WHAT YOU WILL DO: Exclude the pictures, then repeat exactly each line from the one containing "Suzuki Swift 2016" to the final line of the records that follow.

.....

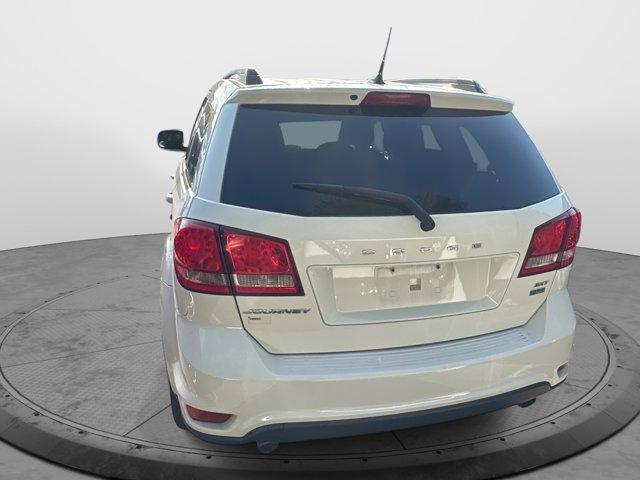 Photo of 2015 White Dodge Journey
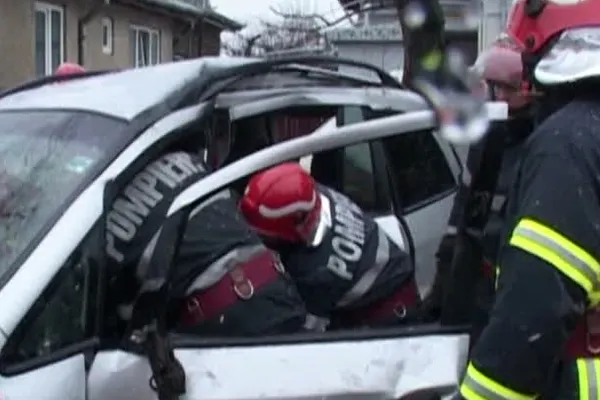 Un autocar al unei firme cunoscute de transport, implicat în accident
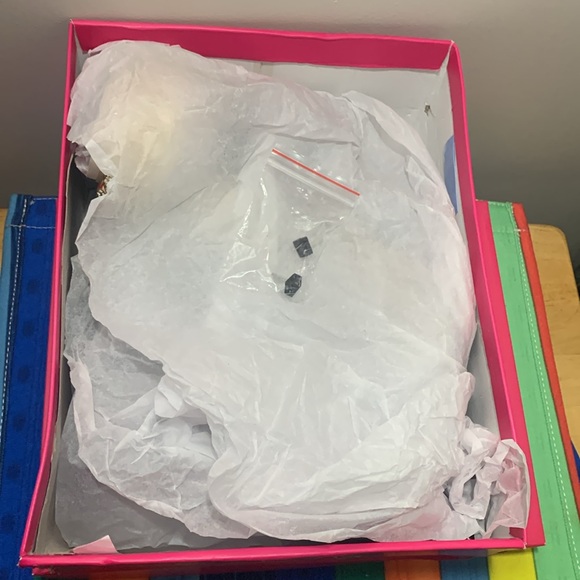 Shoe Dazzle/ Size: 11/ Black & Gold Heels - Picture 7 of 8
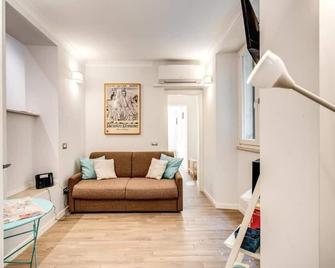 Imperial Forums | Trevi Fountain 8-minute walk | Terrace | Wash & Dry - Roma - Sala de estar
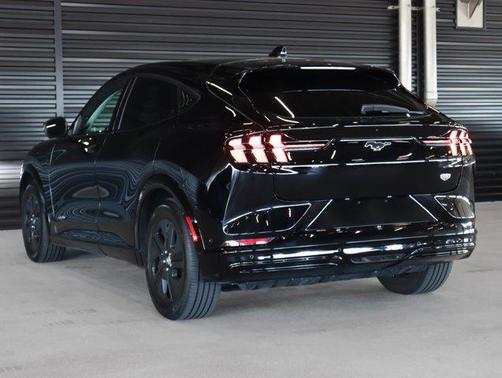 2021 Ford Mustang Mach-E California Route 1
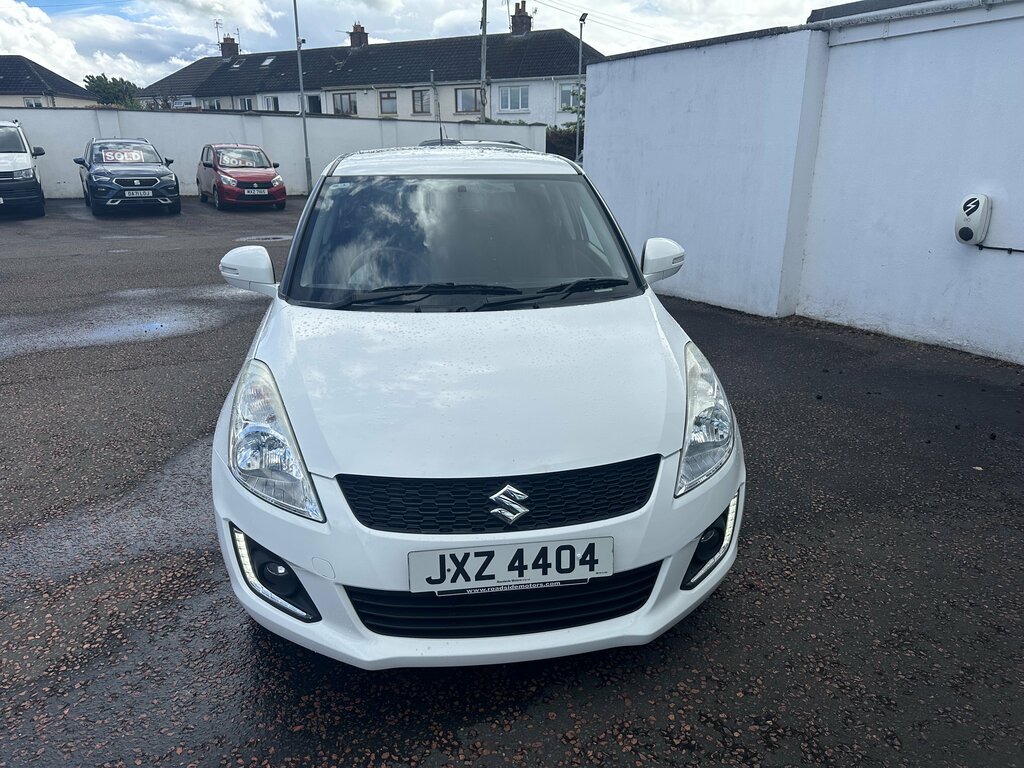 Suzuki Swift 2016 Suzuki Swift 1.2 Sz4 White #2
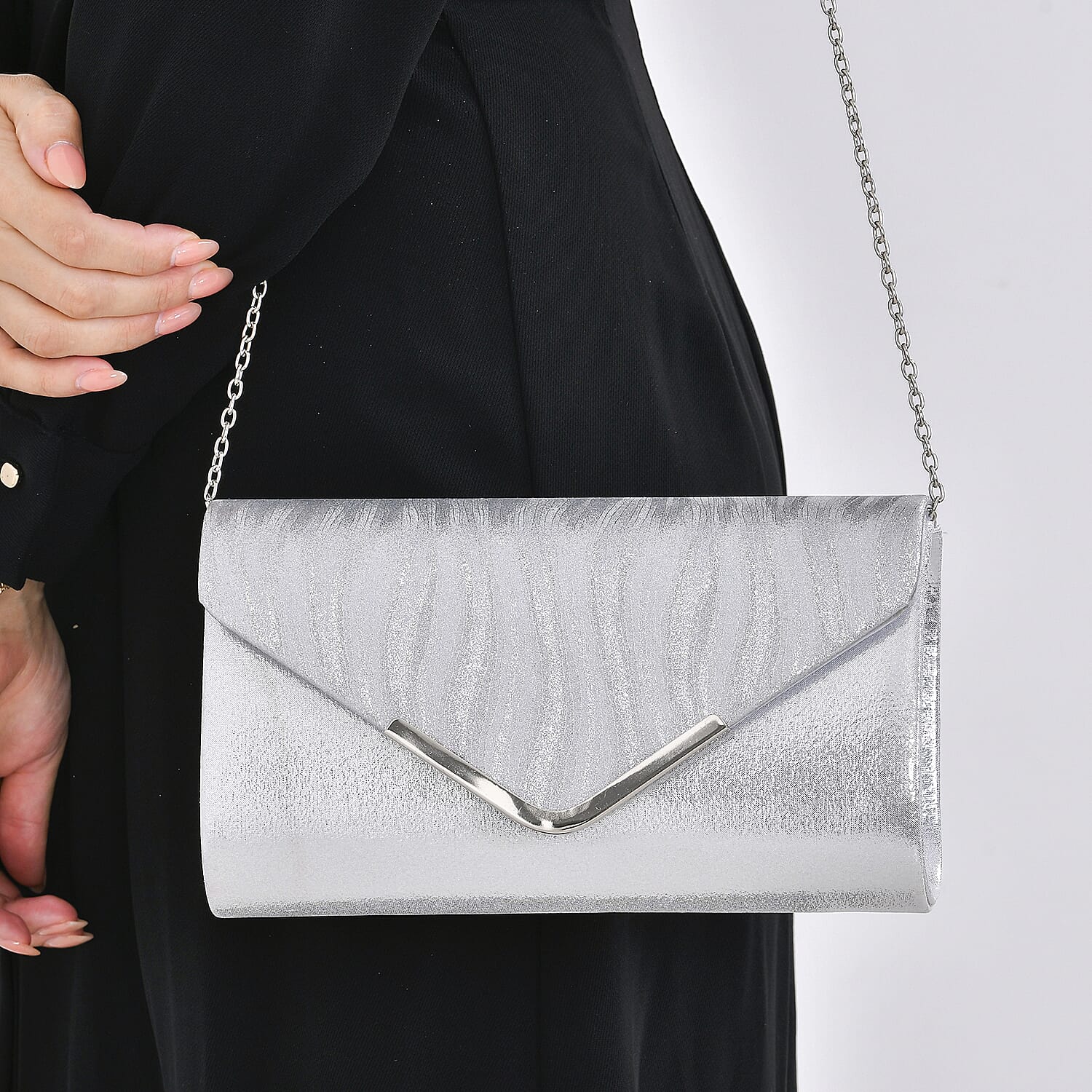 Crystal Patterned Clutch - Silver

.....

ANSWER BOX:
 Suzuki Swift 2016 Suzuki Swift 1.2 Sz4 White #2
 Crystal Patterned Clutch - Silver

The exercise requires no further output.